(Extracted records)
# # #

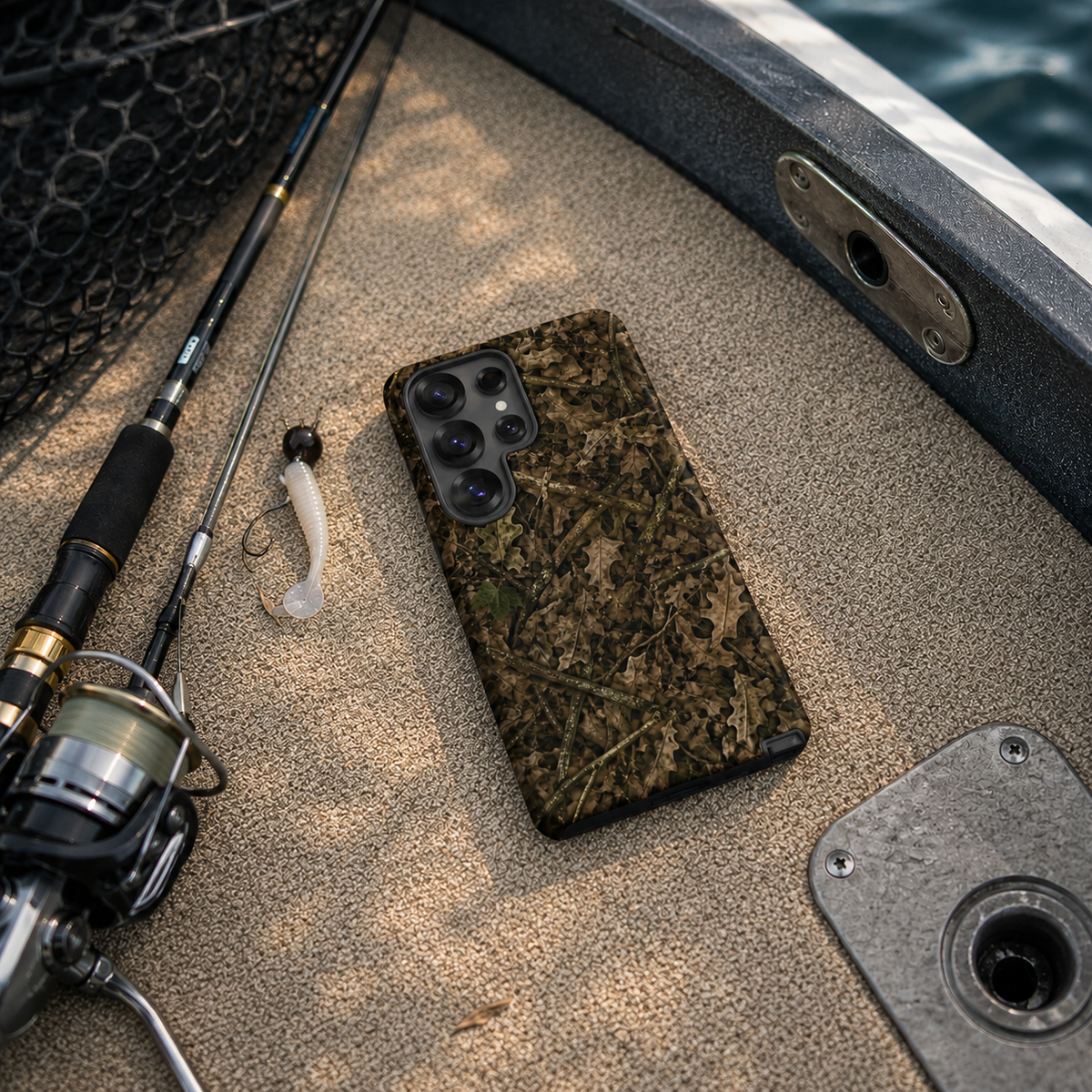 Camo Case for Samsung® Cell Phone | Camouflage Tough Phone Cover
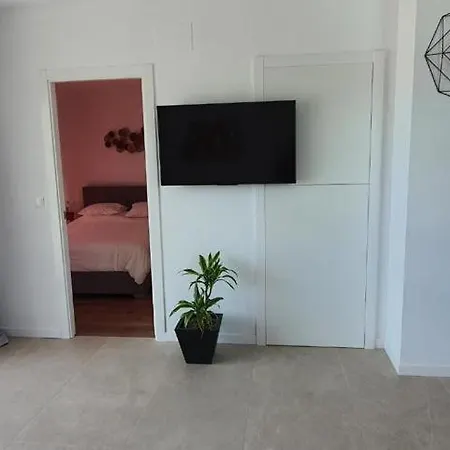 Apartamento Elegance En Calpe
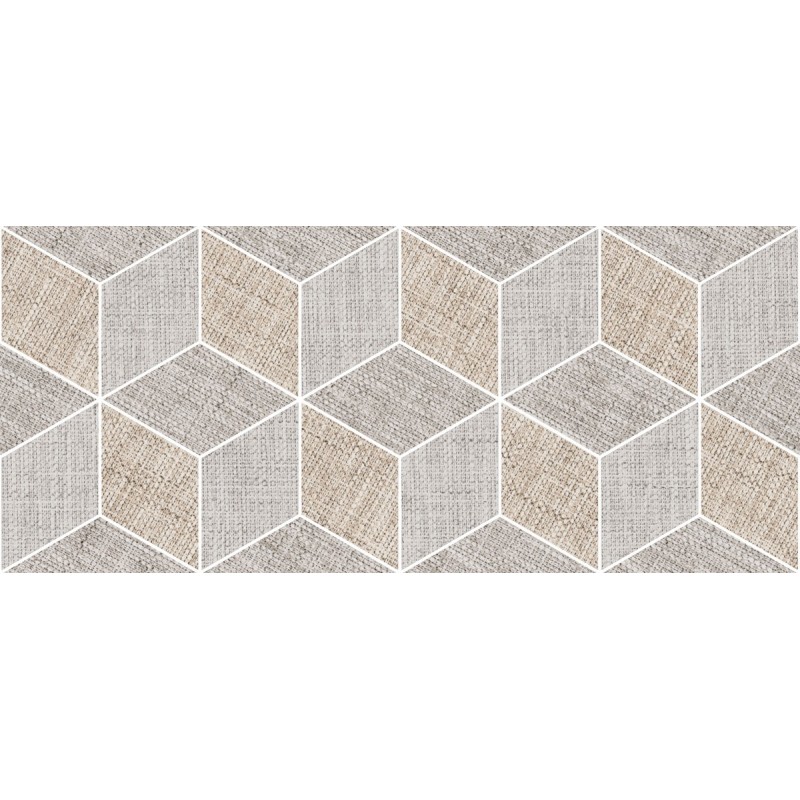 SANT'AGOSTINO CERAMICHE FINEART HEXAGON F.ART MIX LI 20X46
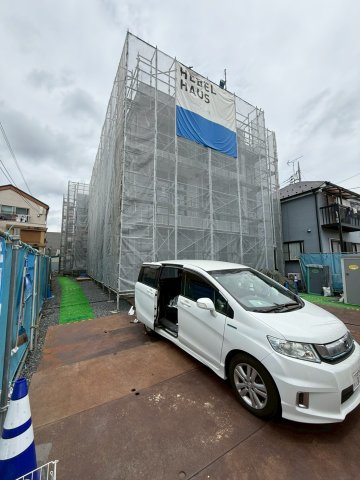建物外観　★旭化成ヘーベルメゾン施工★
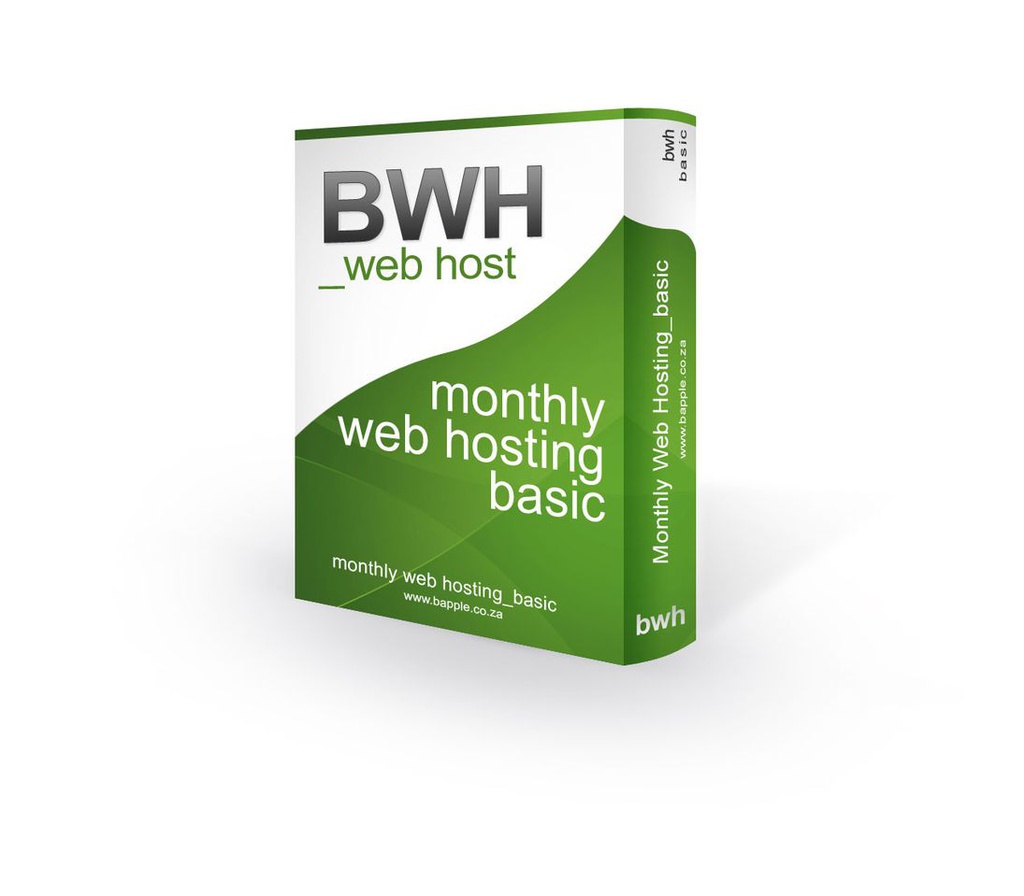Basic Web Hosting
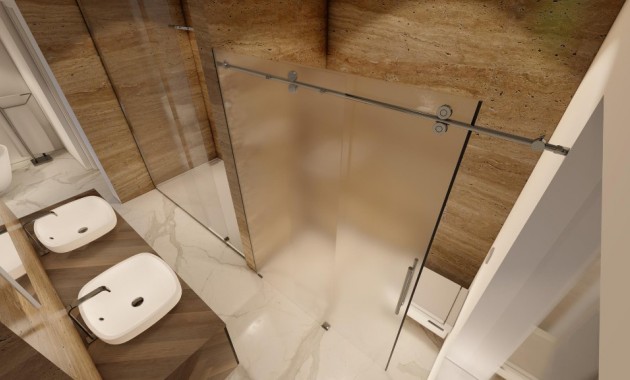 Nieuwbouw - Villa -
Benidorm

# # #

## ACTIVITY:
Begin at the line containing "SANT'AGOSTINO CERAMICHE FINEART" and extract every line through the end of the records, inclusive, exactly and only; omit pictures.

## RESULT OF THE EXERCISE:
 SANT'AGOSTINO CERAMICHE FINEART HEXAGON F.ART MIX LI 20X46
建物外観　★旭化成ヘーベルメゾン施工★
Basic Web Hosting
 Nieuwbouw - Villa -
Benidorm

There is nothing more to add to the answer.